■ PROMPT
Set down again each entry exactly as it reads, pictures excluded.

■ PROVIDED MATERIAL

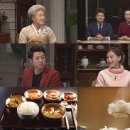 대가식당(상차림) 이미지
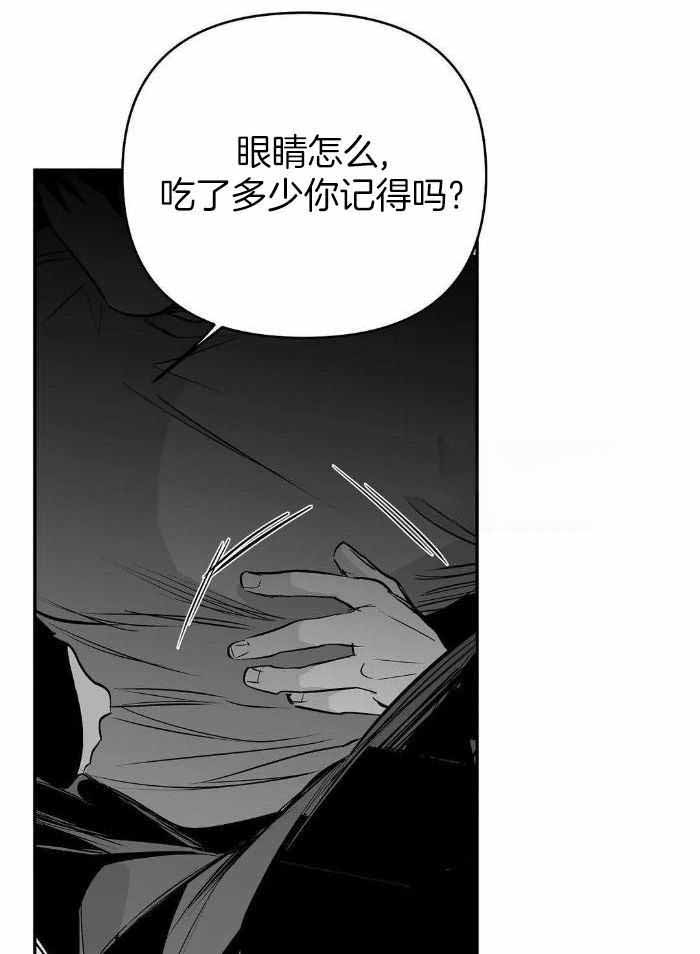 《不走路的腿》漫画最新章节第169话免费下拉式在线观看章节第【30】张图片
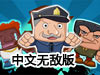 超級警探抓小偷無敵版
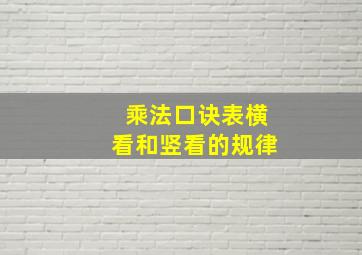 乘法口诀表横看和竖看的规律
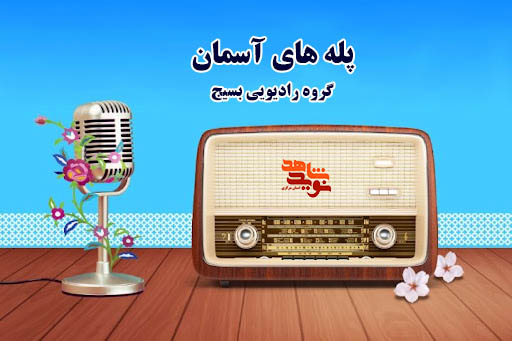 خاطره صوتی شهید «عباسعلی آقاگلی»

■ RESULT
 대가식당(상차림) 이미지
 《不走路的腿》漫画最新章节第169话免费下拉式在线观看章节第【30】张图片
 超級警探抓小偷無敵版
 乘法口诀表横看和竖看的规律
 خاطره صوتی شهید «عباسعلی آقاگلی»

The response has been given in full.